▸ What you need to do
Pull out all lines from the listing below in which the word "bedroom" appears.

__________

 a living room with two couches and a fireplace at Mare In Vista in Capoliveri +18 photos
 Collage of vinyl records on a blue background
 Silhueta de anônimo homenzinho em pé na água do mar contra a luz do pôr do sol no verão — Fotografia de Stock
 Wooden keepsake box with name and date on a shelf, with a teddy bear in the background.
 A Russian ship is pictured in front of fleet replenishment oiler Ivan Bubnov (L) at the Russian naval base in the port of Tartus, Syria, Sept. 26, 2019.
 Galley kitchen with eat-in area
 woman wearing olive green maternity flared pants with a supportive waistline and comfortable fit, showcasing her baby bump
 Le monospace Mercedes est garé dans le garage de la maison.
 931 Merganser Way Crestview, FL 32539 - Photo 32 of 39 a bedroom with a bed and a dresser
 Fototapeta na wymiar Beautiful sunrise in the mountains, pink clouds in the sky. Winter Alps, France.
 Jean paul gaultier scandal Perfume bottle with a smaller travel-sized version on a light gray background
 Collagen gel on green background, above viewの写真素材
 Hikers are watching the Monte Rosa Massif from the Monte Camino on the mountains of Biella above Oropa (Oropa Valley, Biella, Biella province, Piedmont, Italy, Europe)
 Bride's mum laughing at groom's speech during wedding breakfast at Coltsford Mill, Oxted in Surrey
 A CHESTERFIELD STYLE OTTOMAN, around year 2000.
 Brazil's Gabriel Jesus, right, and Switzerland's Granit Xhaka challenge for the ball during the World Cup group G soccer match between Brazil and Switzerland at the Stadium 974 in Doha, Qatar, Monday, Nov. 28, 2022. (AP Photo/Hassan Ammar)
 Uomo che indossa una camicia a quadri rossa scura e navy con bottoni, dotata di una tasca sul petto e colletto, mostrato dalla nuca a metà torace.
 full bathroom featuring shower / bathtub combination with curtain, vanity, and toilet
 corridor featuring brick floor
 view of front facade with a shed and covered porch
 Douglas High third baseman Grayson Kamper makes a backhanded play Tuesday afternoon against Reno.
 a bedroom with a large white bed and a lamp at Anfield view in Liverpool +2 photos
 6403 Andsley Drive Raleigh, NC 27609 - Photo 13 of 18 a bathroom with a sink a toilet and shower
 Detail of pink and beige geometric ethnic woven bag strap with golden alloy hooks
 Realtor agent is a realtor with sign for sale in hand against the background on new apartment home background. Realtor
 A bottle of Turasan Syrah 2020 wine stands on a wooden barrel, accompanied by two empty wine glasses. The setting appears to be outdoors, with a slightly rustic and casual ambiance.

__________

▸ Result
 931 Merganser Way Crestview, FL 32539 - Photo 32 of 39 a bedroom with a bed and a dresser
 a bedroom with a large white bed and a lamp at Anfield view in Liverpool +2 photos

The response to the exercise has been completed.